Initiates an asynchronous multicast load operation using NVIDIA's Tensor Memory Access (TMA) to copy tensor data from global memory to shared memories of multiple CTAs in a cluster.

This function performs an optimized multicast copy operation where a single global memory read can be distributed to multiple CTAs' shared memories simultaneously, reducing memory bandwidth usage. It supports both rank-1 and rank-2 tensors and uses cluster-level synchronization.

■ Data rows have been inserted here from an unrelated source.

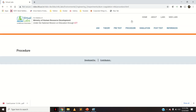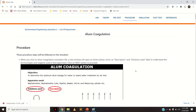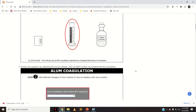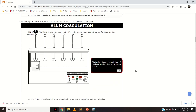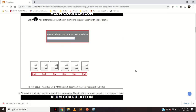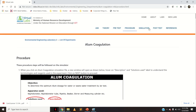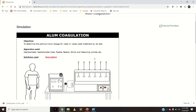The procedure tab contains everything we will be seeing in the simulation part — every step of the simulation is given here. Let us go to the simulation part and start the experiment of alum coagulation, that is determining the optimum dose of alum using the jar test experiment.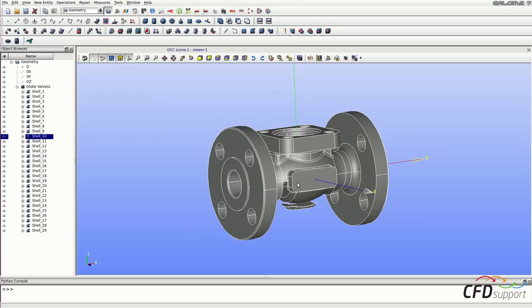This part needs to be exploded into smaller parts called faces. So let's explode it again to faces.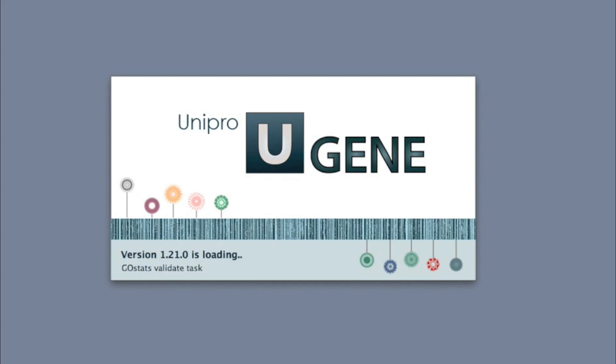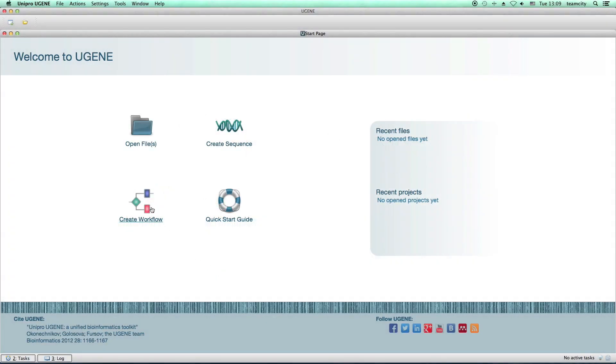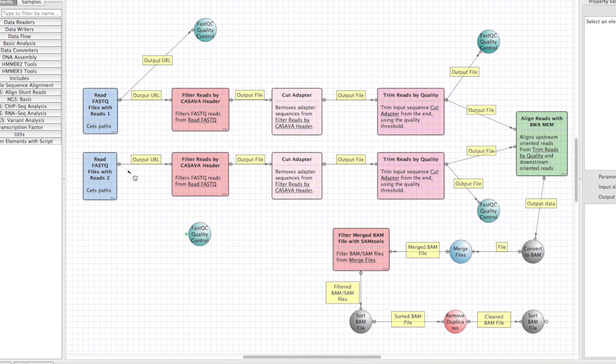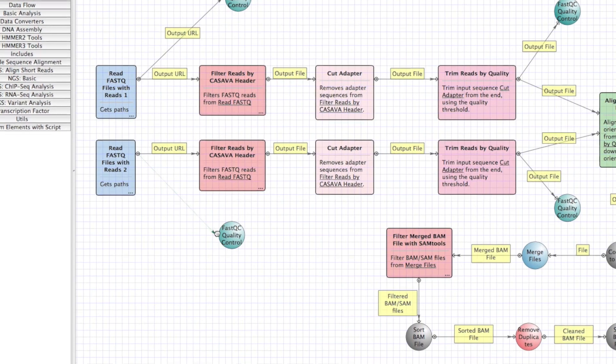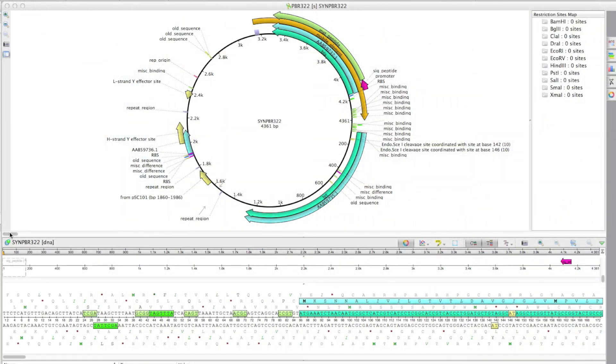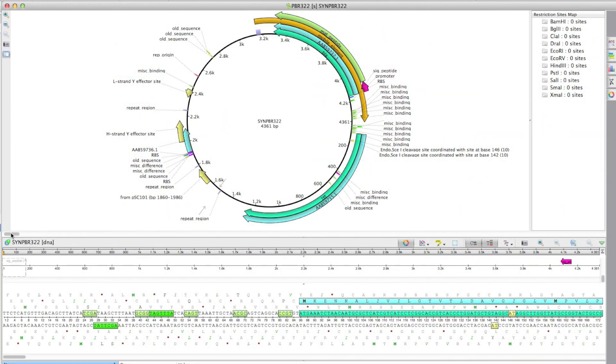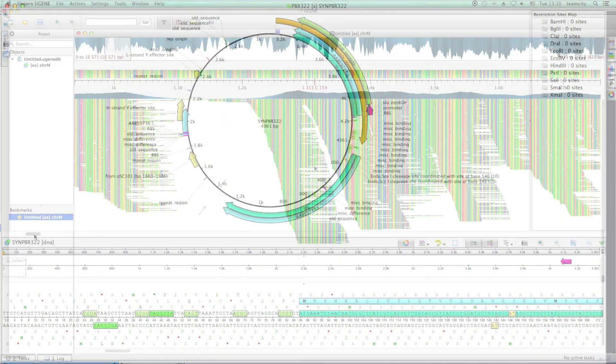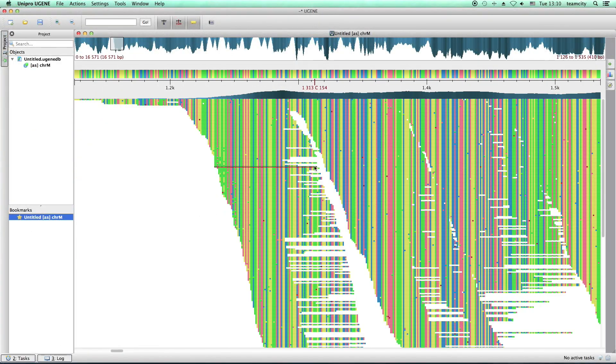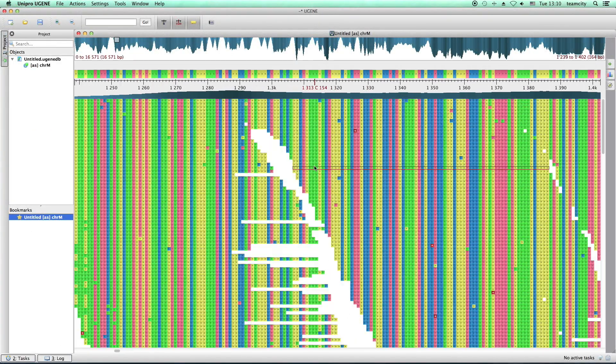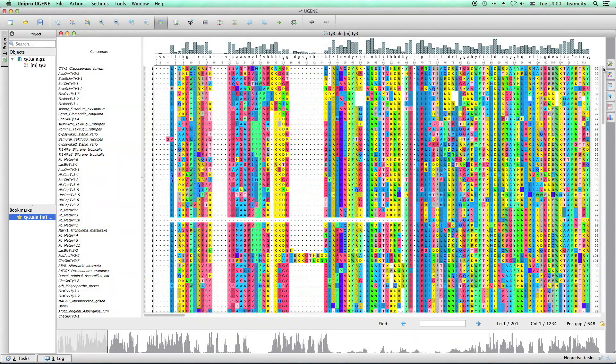Hello, you're watching a UniPro Eugene podcast. Here is an overview of the new features of Eugene versions 1.20 and 1.21.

Note: - This operation is asynchronous - use appropriate memory barriers to ensure copy completion - Only supports rank-1 and rank-2 tensors - Requires NVIDIA GPU with TMA support - The memory barrier should be properly initialized before use - The multicast_mask must be properly configured based on cluster size and desired distribution

Args:

  • dst_mem (UnsafePointer[dst_type, address_space=AddressSpace(3)]): Pointer to the destination in shared memory where the tensor data will be copied. Must be properly aligned according to TMA requirements.
  • tma_descriptor (UnsafePointer[NoneType]): Pointer to the TMA descriptor containing metadata about tensor layout and memory access patterns.
  • mem_bar (UnsafePointer[mbr_type, address_space=AddressSpace(3)]): Pointer to a shared memory barrier used for synchronizing the asynchronous copy operation across threads in the cluster.
  • coords (Index[rank]): Coordinates specifying which tile of the tensor to copy. For rank-1 tensors, this is a single coordinate. For rank-2 tensors, this contains both row and column coordinates.
  • multicast_mask (SIMD[uint16, 1]): A 16-bit bitmask where each bit corresponds to a CTA in the cluster. Set bits indicate which CTAs will receive a copy of the loaded data. This enables efficient data sharing across multiple CTAs.